→ Exercise details
The answer is the line with "Škoda Octavia Octavia" and every line after it to the end of the listing, retyped exactly. Pictures do not belong in it.

══ Data provided

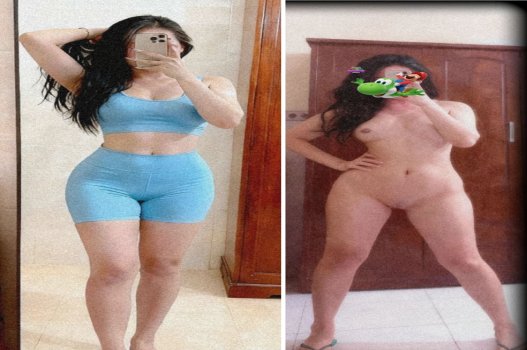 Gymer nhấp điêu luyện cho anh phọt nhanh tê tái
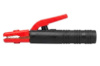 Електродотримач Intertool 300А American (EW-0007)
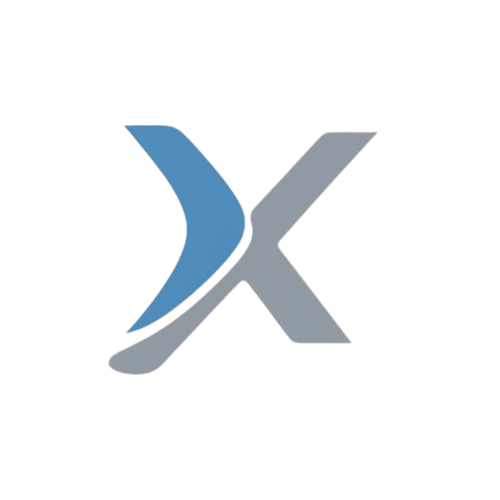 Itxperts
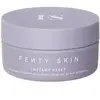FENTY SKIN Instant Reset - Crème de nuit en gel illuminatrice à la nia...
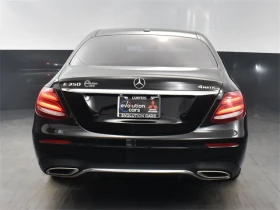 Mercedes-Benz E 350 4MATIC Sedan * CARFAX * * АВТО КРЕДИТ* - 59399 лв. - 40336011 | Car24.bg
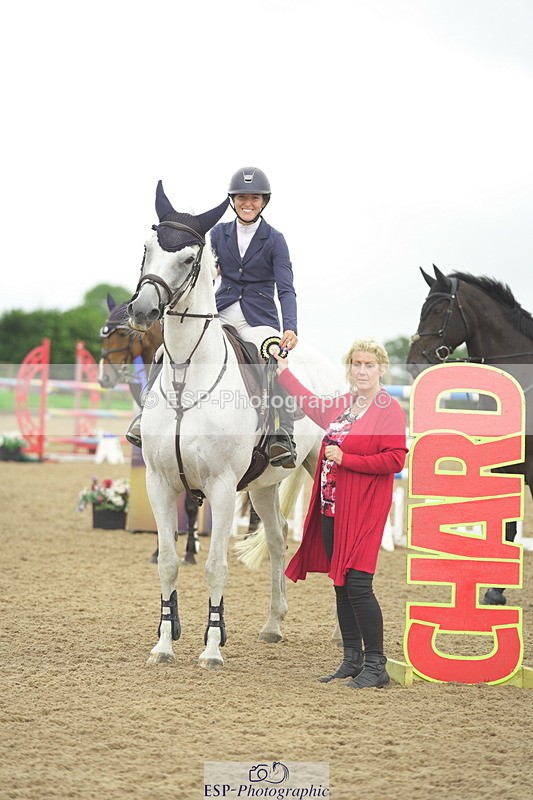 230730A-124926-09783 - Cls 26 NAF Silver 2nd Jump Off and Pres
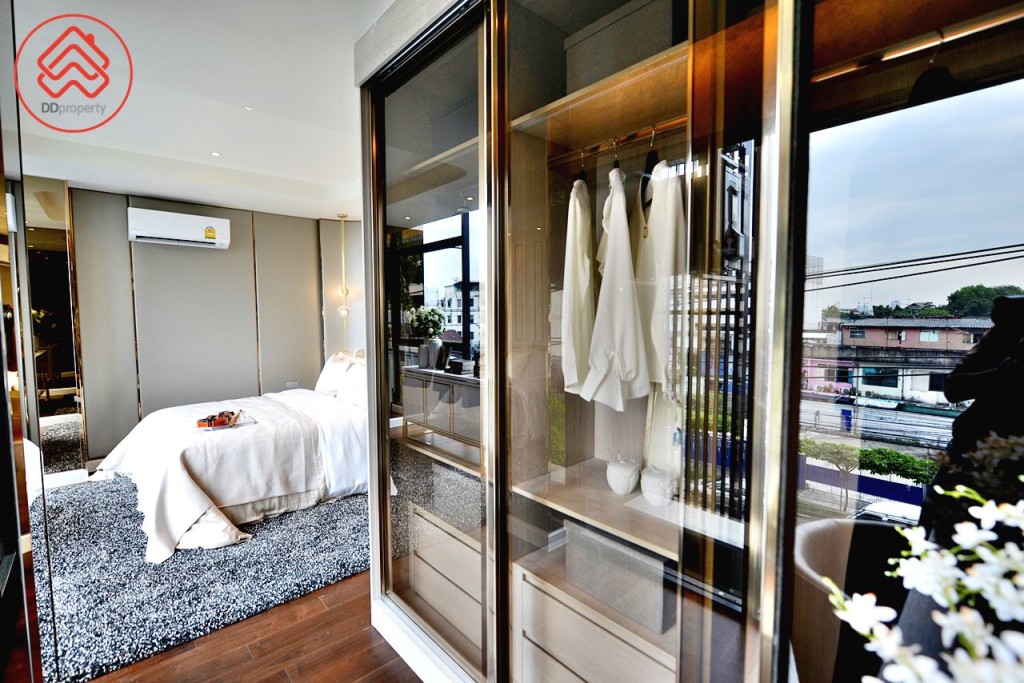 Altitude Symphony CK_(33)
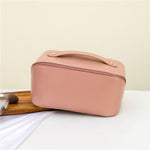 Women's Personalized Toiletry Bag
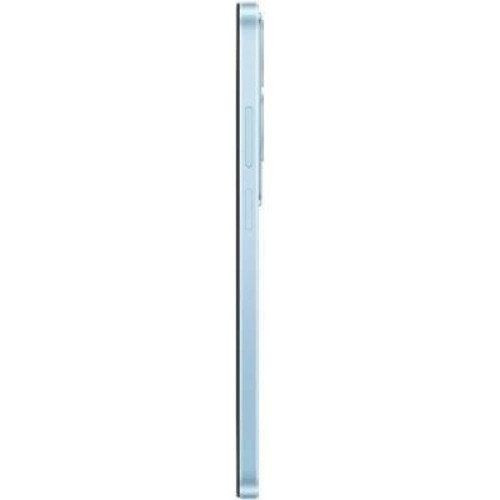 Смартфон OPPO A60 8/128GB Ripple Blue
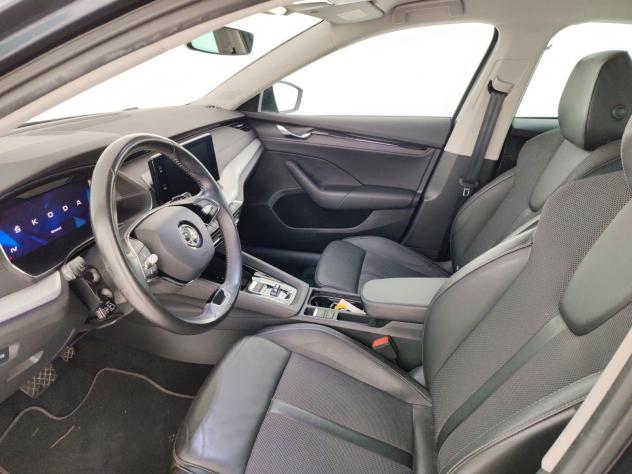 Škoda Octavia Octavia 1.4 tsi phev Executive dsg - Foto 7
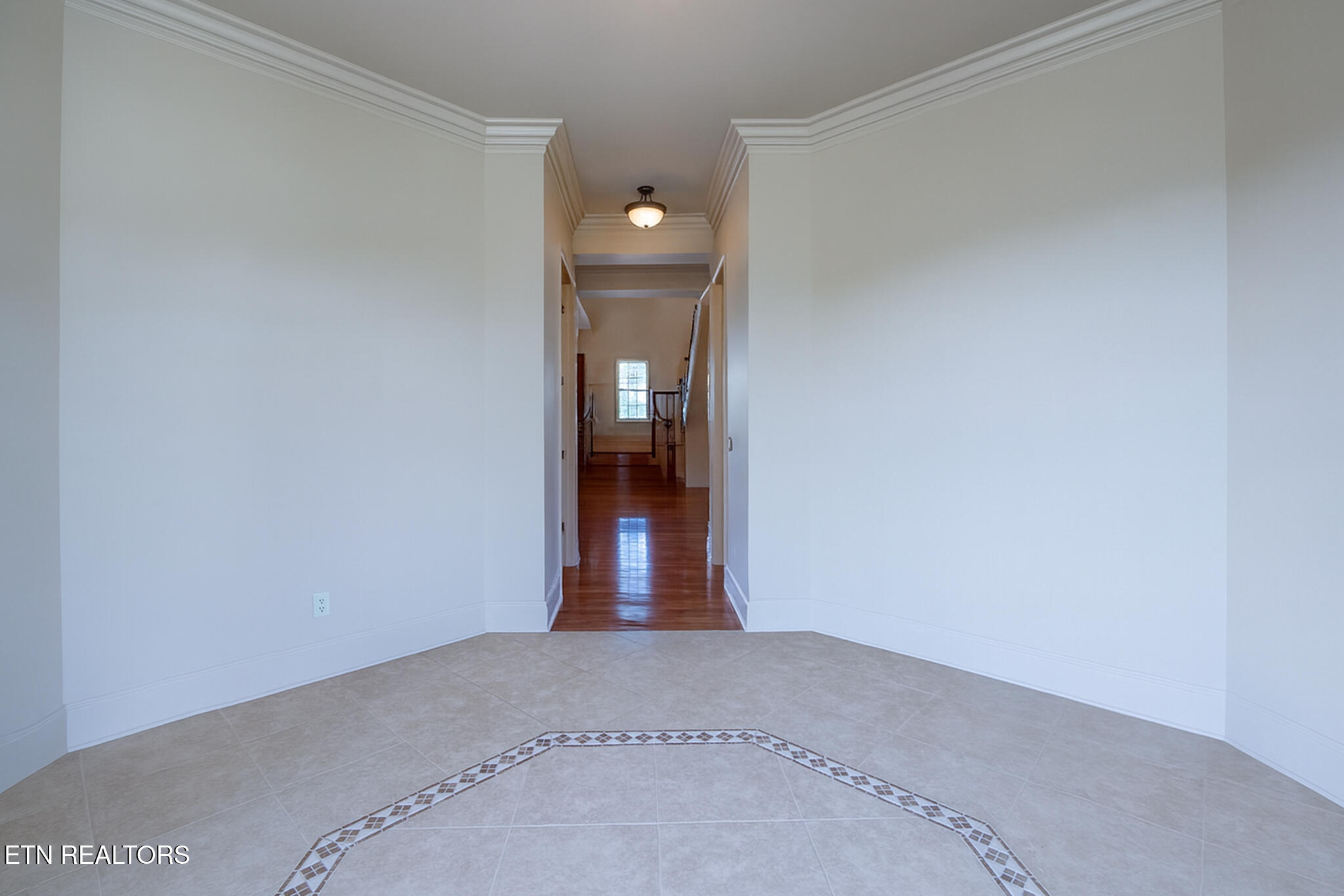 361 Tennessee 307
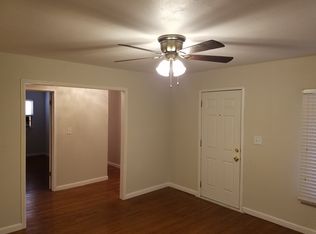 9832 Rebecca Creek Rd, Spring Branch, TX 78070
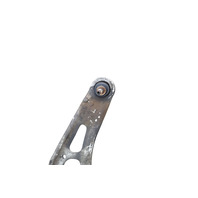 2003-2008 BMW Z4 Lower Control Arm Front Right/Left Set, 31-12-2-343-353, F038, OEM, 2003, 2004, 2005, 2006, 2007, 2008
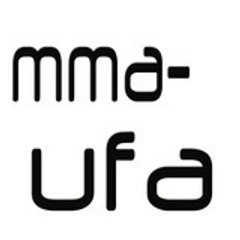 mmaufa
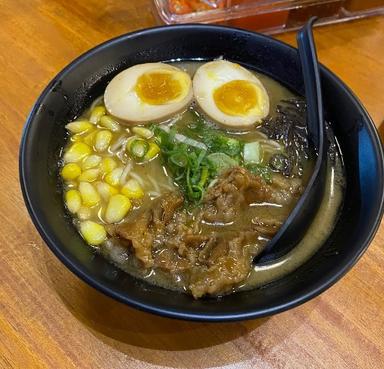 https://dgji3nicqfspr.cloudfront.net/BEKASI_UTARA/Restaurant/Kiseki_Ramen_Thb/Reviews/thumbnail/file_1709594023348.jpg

════

→ Final answer
 Škoda Octavia Octavia 1.4 tsi phev Executive dsg - Foto 7
 361 Tennessee 307
 9832 Rebecca Creek Rd, Spring Branch, TX 78070
 2003-2008 BMW Z4 Lower Control Arm Front Right/Left Set, 31-12-2-343-353, F038, OEM, 2003, 2004, 2005, 2006, 2007, 2008
 mmaufa
 https://dgji3nicqfspr.cloudfront.net/BEKASI_UTARA/Restaurant/Kiseki_Ramen_Thb/Reviews/thumbnail/file_1709594023348.jpg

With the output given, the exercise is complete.